POJ 2723 Get Luffy Out（2-SAT+二分答案）

Get Luffy Out

Time Limit: 2000MS		Memory Limit: 65536K
Total Submissions: 8851		Accepted: 3441

Description

Ratish is a young man who always dreams of being a hero. One day his friend Luffy was caught by Pirate Arlong. Ratish set off at once to Arlong's island. When he got there, he found the secret place where his friend was kept, but he could not go straight in. He saw a large door in front of him and two locks in the door. Beside the large door, he found a strange rock, on which there were some odd words. The sentences were encrypted. But that was easy for Ratish, an amateur cryptographer. After decrypting all the sentences, Ratish knew the following facts:

Behind the large door, there is a nesting prison, which consists of M floors. Each floor except the deepest one has a door leading to the next floor, and there are two locks in each of these doors. Ratish can pass through a door if he opens either of the two locks in it. There are 2N different types of locks in all. The same type of locks may appear in different doors, and a door may have two locks of the same type. There is only one key that can unlock one type of lock, so there are 2N keys for all the 2N types of locks. These 2N keys were divided into N pairs, and once one key in a pair is used, the other key will disappear and never show up again.

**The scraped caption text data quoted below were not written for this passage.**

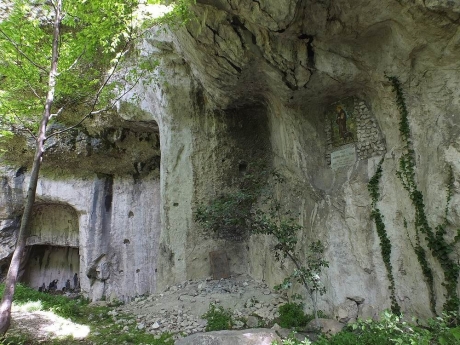 Screenshot_2019-11-25 Eremo di Grottafucile - Castelletta di Fabriano (AN)(5).jpg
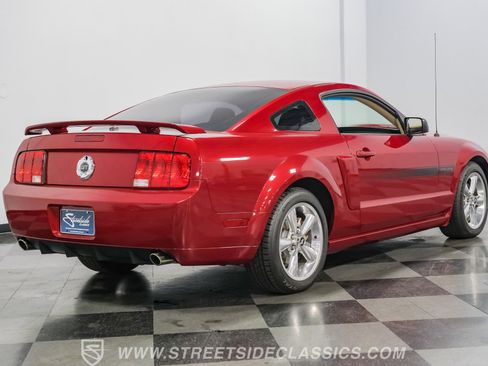 Used 2007 Ford Mustang GT image 23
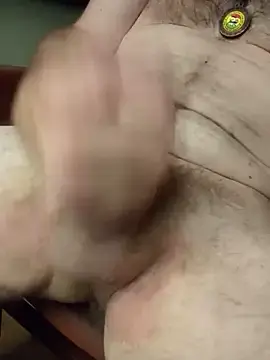 Stripchat Free Live Porn of Toni13_1983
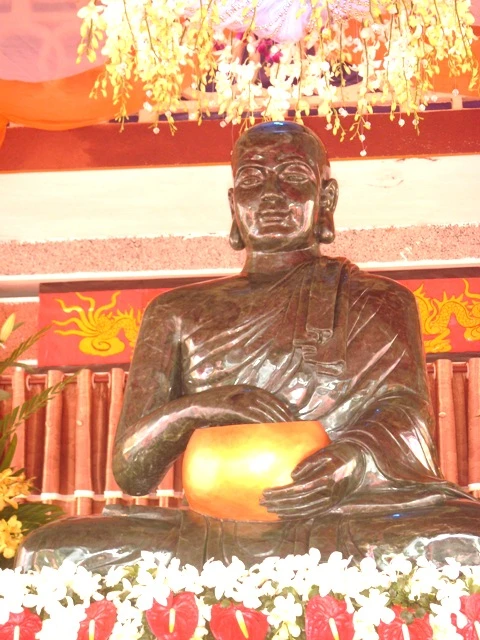 Tôn tượng Ngai Sixvali 2.JPG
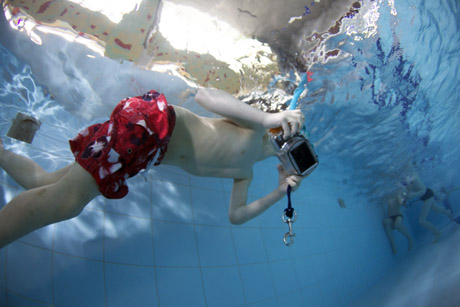 Vaikai mokėsi nardyti ir fotografuoti po vandeniu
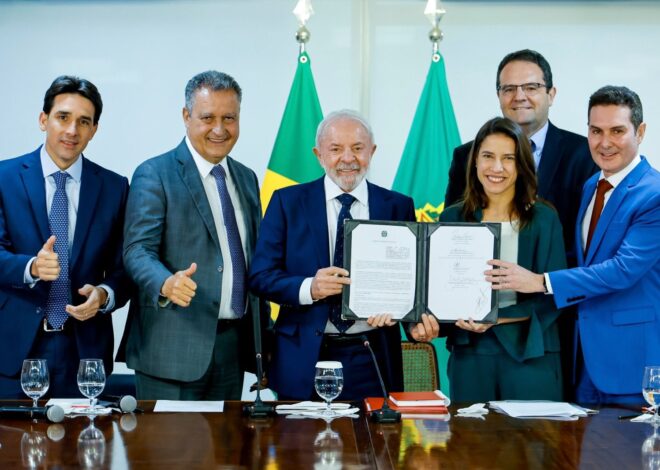 Governadora Raquel Lyra assina acordo com presidente Lula para viabilizar reestruturação do Metrô do Recife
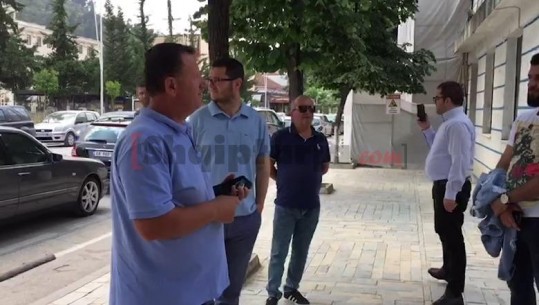 PD Berat: E-Albania s'na dha leje për të shkuar në Tiranë për protestë, u nisëm me makina private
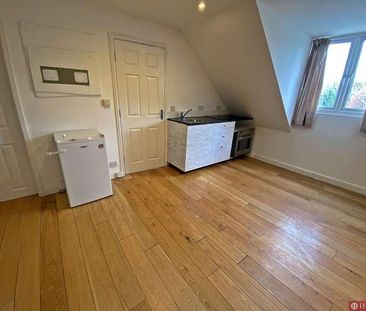 Budoch Drive, Seven Kings, IG3 - Photo 2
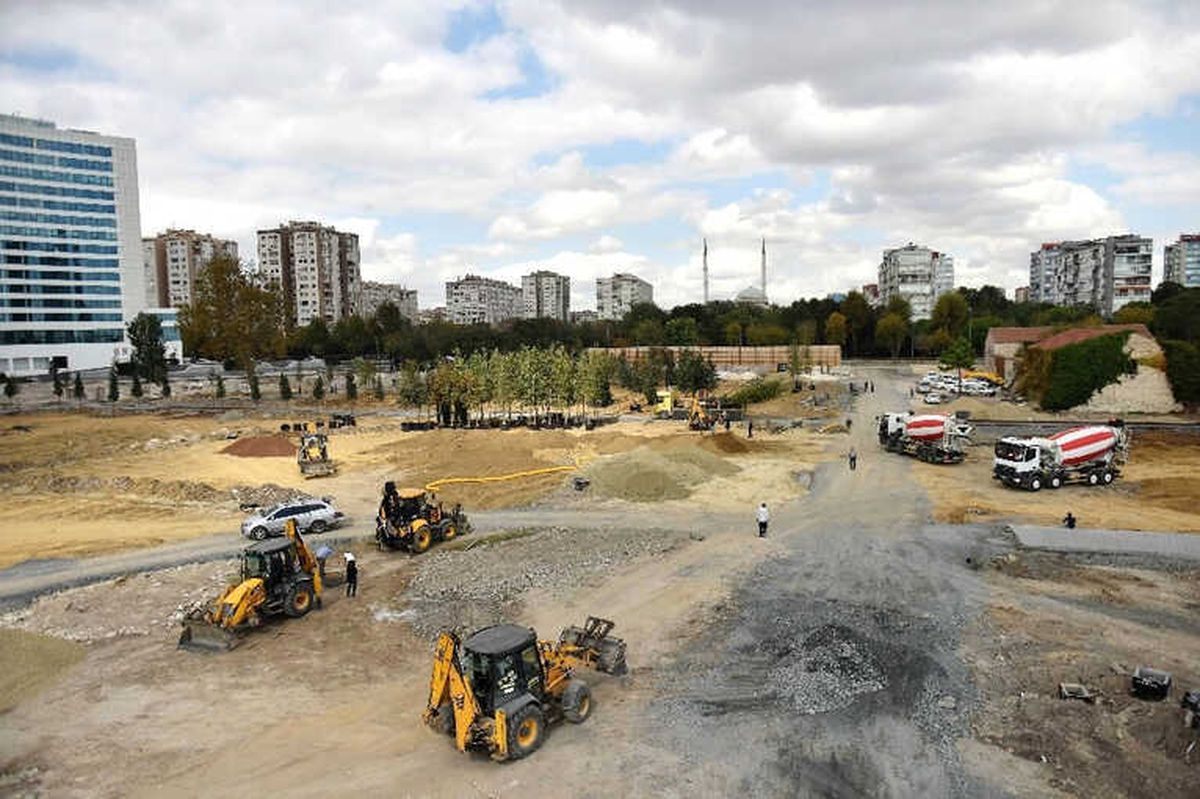TOKİ Millet Bahçesi\'nde Çalışmalar Başladı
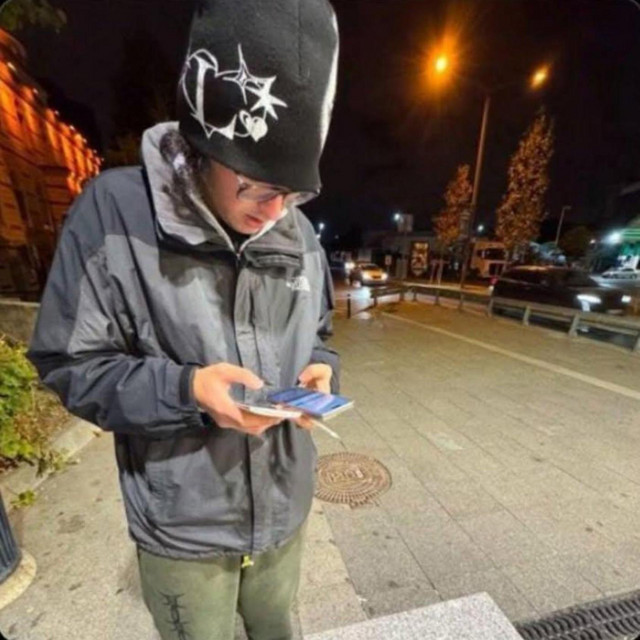 Tech Fleece (Nefes Al Nefes Ver)
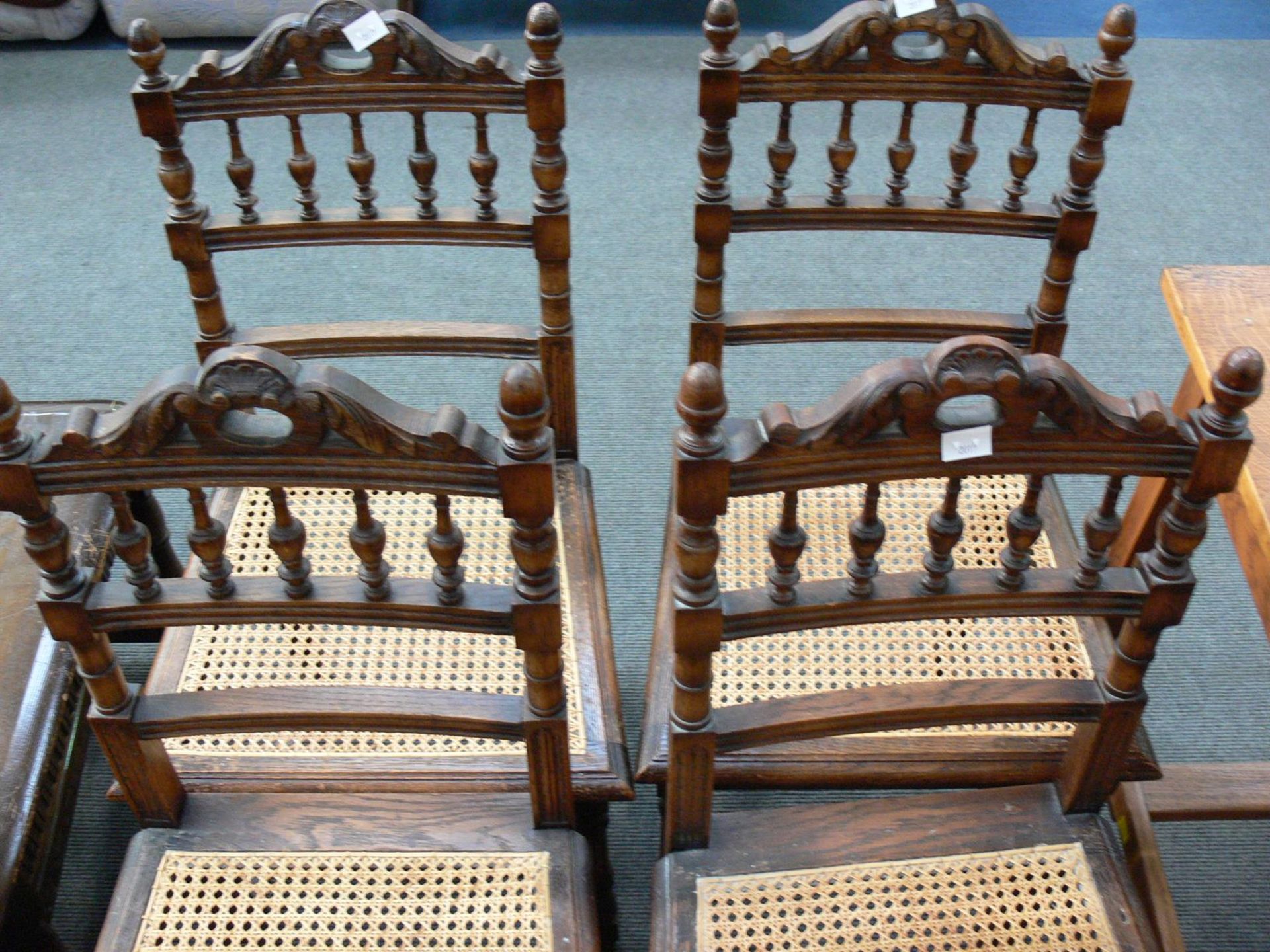 A set of Six French Oak Chairs which are reproduction in the style of Henry IV (6) (Est. £40 - £60 - Image 3 of 4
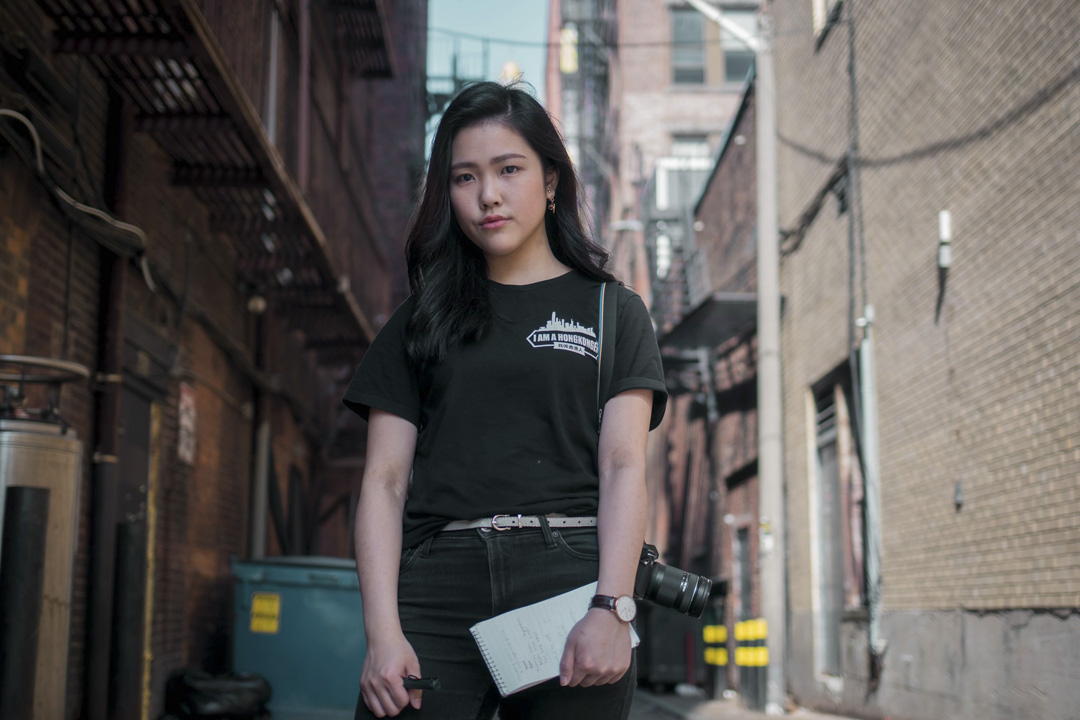 許穎婷(Frances Hui)的文章《我來自香港,不是中國》,於4月21日發表在校報《The Berkeley Beacon》上,引起的軒然大波。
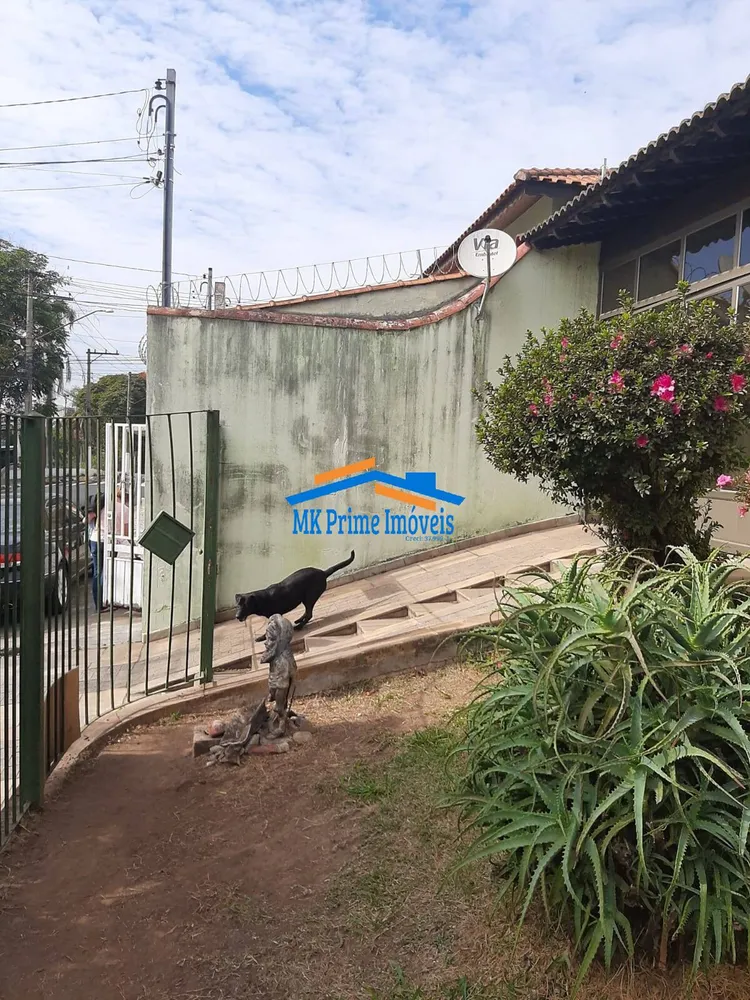 Casa, 3 quartos, 232 m² - Foto 2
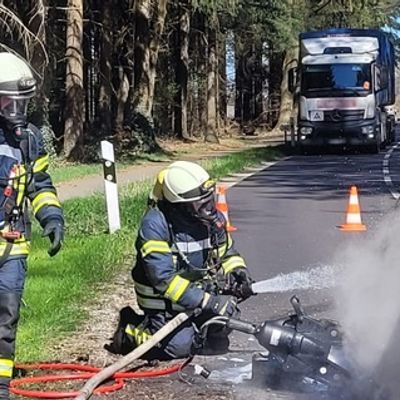 FW-ROW: PKW brennt auf K110 bei Meinstedt nach Verkehrsunfall vollständig aus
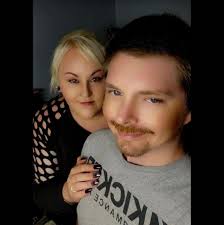 Taming giant queen bee and worker bee in Ark Survival?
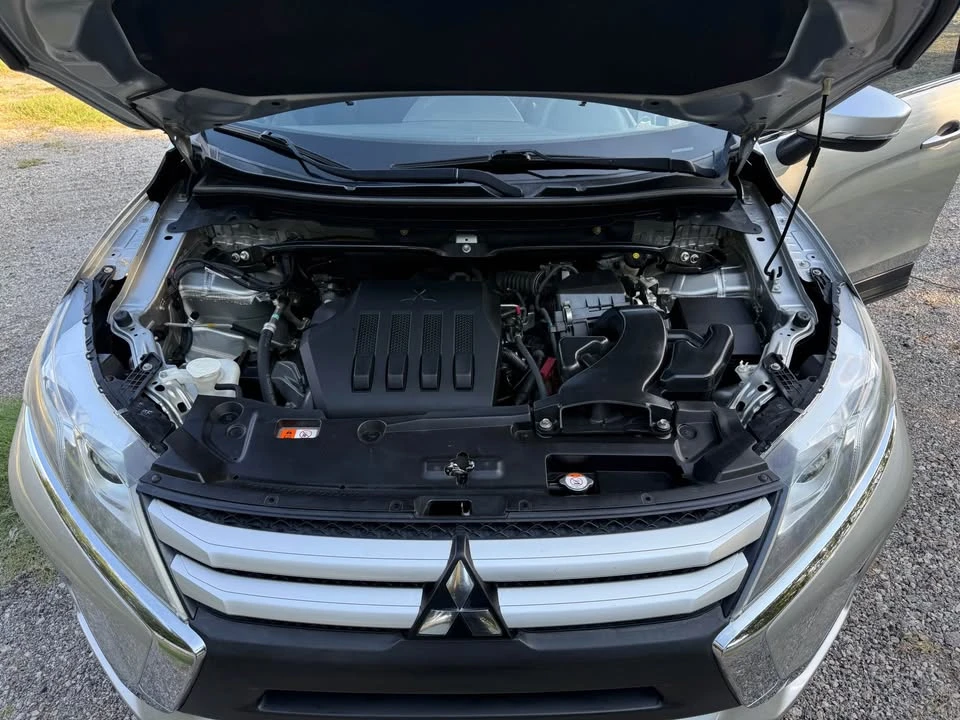 2018 Mitsubishi Eclipse Cross - Image 14 of 21
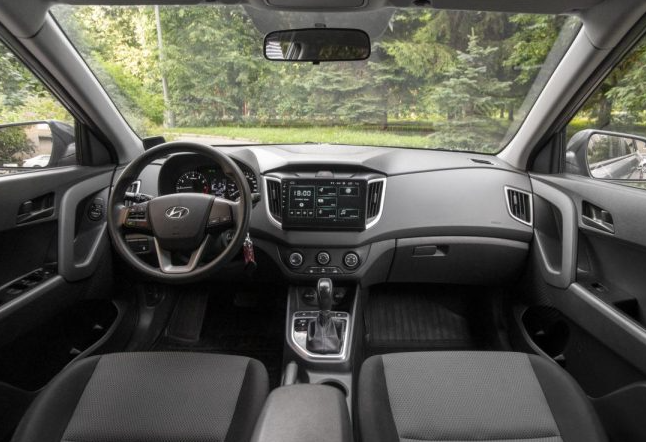 Аренда hyundai creta эконом класса 2020 года в городе Москва Мичуринский проспект от 4048 руб./сутки, передний привод, двигатель: бензин, объем 1.6 литров, каско (Мультидрайв), ОСАГО (Мультидрайв), без водителя, недорого, вид 3 - RentRide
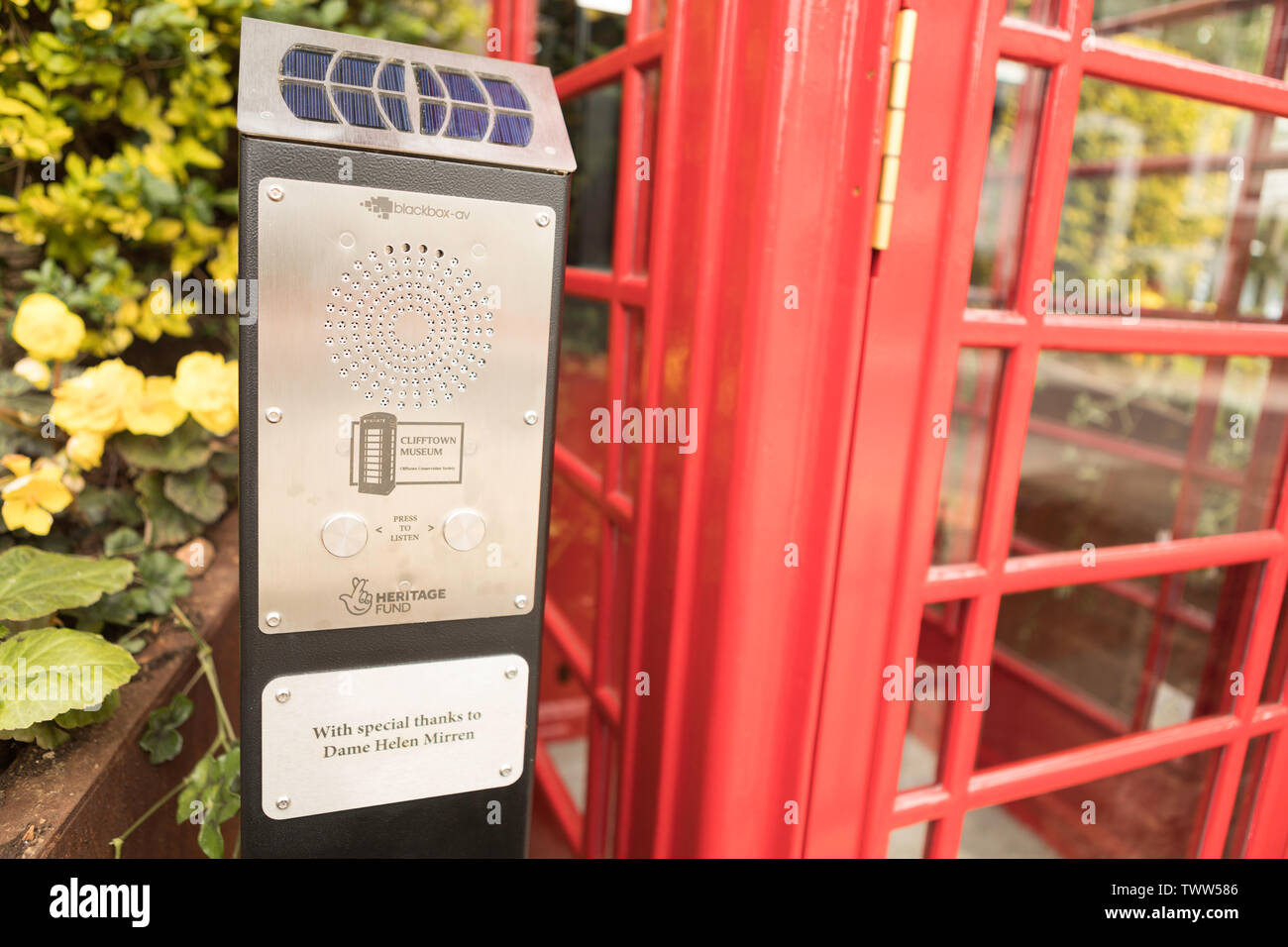 Southend on Sea, Regno Unito. Il 23 giugno, 2019. Una cabina telefonica nel Cliftown Area di conservazione è stata trasformata in un museo con l'aiuto di finanziamenti della lotteria. Il K6 British telefono Box offre un audio storia dell'area locale. Penelope Barritt/Alamy Live News Foto Stock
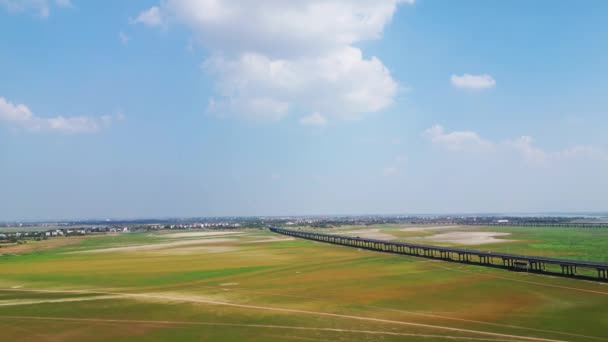 Vista Aérea Del Puente Largo — Vídeo de stock
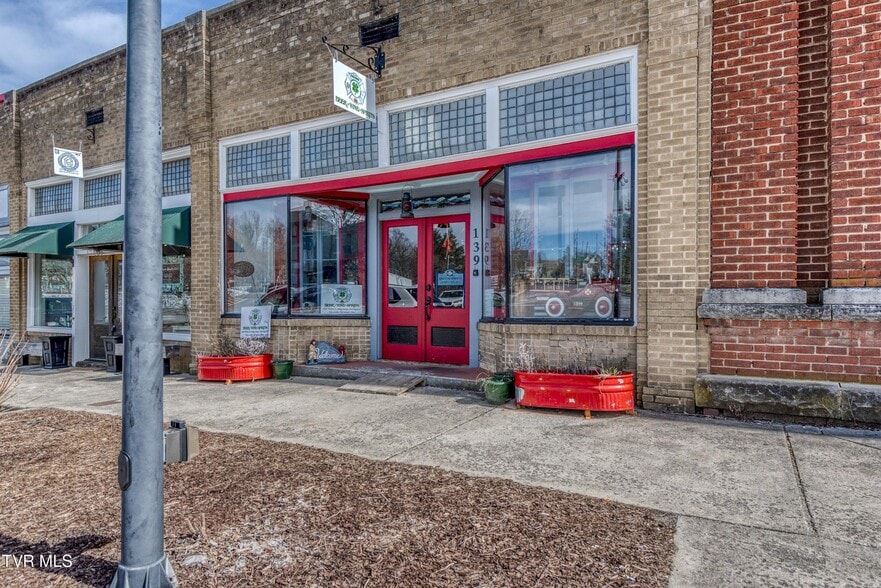 Primary Photo Of 139 Town Square St, Glade Spring Restaurant For Sale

Later, Ratish found N pairs of keys under the rock and a piece of paper recording exactly what kinds of locks are in the M doors. But Ratish doesn't know which floor Luffy is held, so he has to open as many doors as possible. Can you help him to choose N keys to open the maximum number of doors?

Input

There are several test cases. Every test case starts with a line containing two positive integers N (1 <= N <= 2¹⁰) and M (1 <= M <= 2¹¹) separated by a space, the first integer represents the number of types of keys and the second integer represents the number of doors. The 2N keys are numbered 0, 1, 2, ..., 2N - 1. Each of the following N lines contains two different integers, which are the numbers of two keys in a pair. After that, each of the following M lines contains two integers, which are the numbers of two keys corresponding to the two locks in a door. You should note that the doors are given in the same order that Ratish will meet. A test case with N = M = 0 ends the input, and should not be processed.

Output

For each test case, output one line containing an integer, which is the maximum number of doors Ratish can open.

Sample Input

3 6
0 3
1 2
4 5
0 1
0 2
4 1
4 2
3 5
2 2
0 0

Sample Output

4

题目链接：POJ 2723

用2-SAT来check的二分答案的一道题目，由于题目的门是从上到下顺序进入的，因此才能二分这个位置，然后检测第1道门~第mid道门是否均能通过。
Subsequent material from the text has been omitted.